■ **AIM OF THE TASK**:
Output the full listing exactly as written, with no pictures in it.

■ **DATA**:
########################################

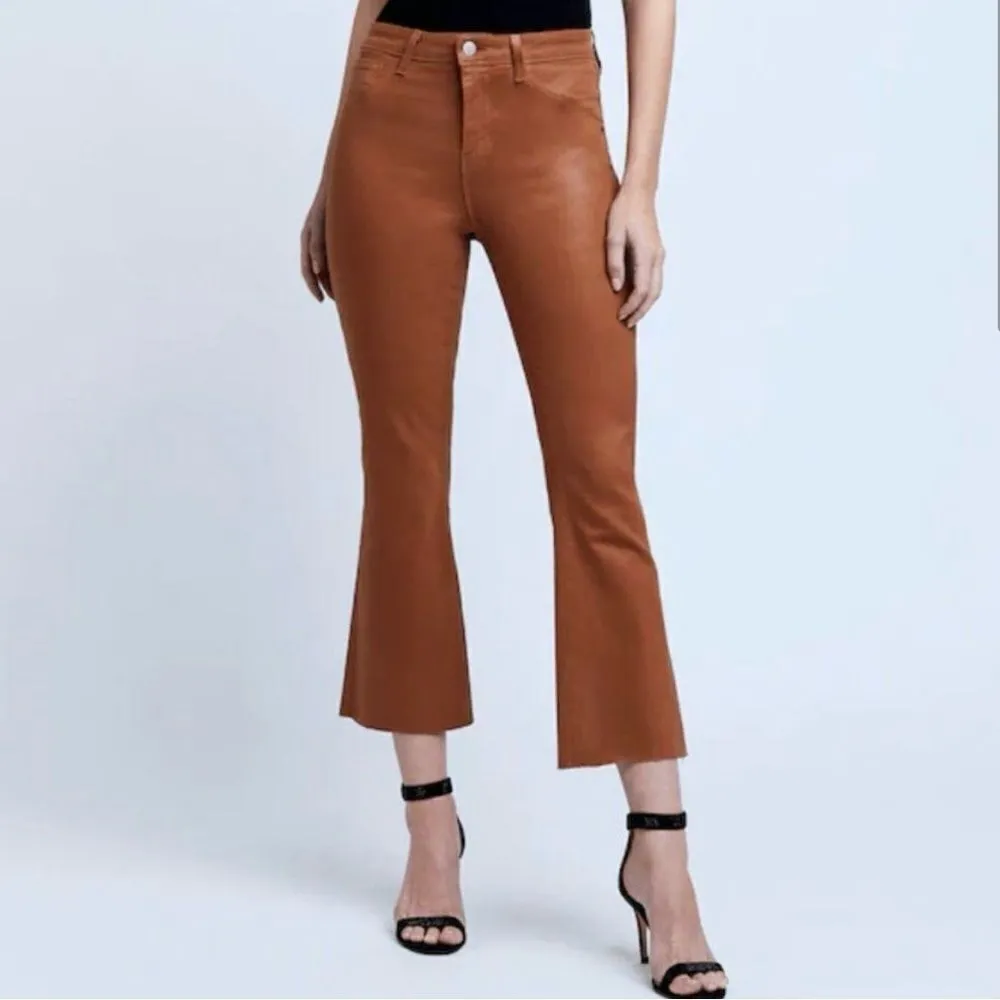 NWT L'AGENCE Kendra High Rise Crop Flared Leg Jeans Java Coated Raw Hem- Size 24 - Image 3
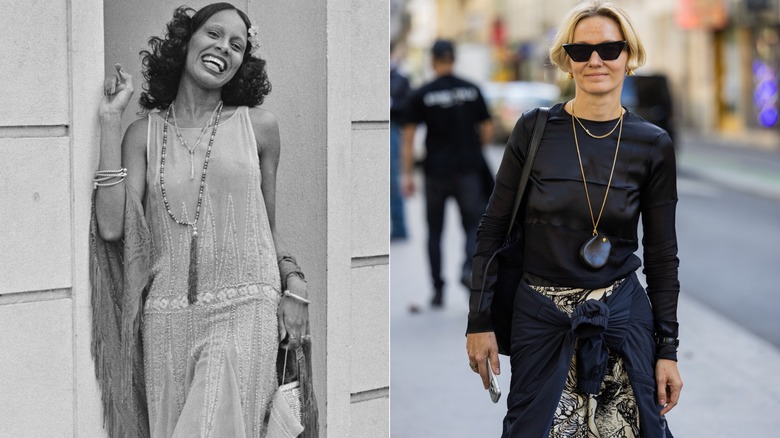 En kvinna på 1920-talet som bär ett långt halsband och klänning i flappstil till vänster, och en kvinna 2026 som bär ett långt halsband med tofs med en svart topp till höger.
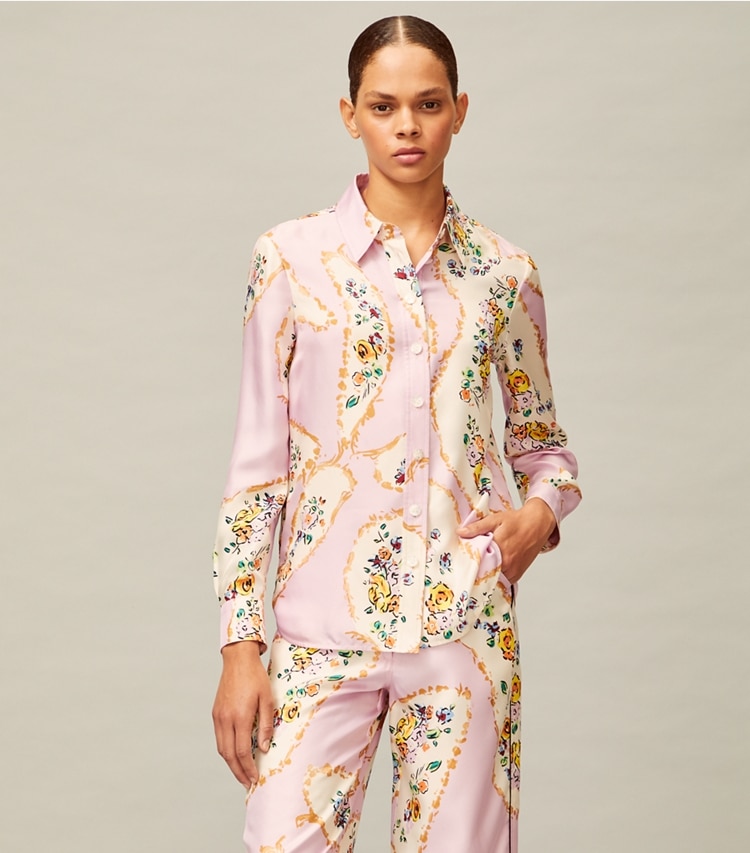 Tory Burch designer tops Printed Silk Blouse in Pink Porcelain Floral on model detail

########################################

■ **TASK ANSWER**:
 NWT L'AGENCE Kendra High Rise Crop Flared Leg Jeans Java Coated Raw Hem- Size 24 - Image 3
 En kvinna på 1920-talet som bär ett långt halsband och klänning i flappstil till vänster, och en kvinna 2026 som bär ett långt halsband med tofs med en svart topp till höger.
 Tory Burch designer tops Printed Silk Blouse in Pink Porcelain Floral on model detail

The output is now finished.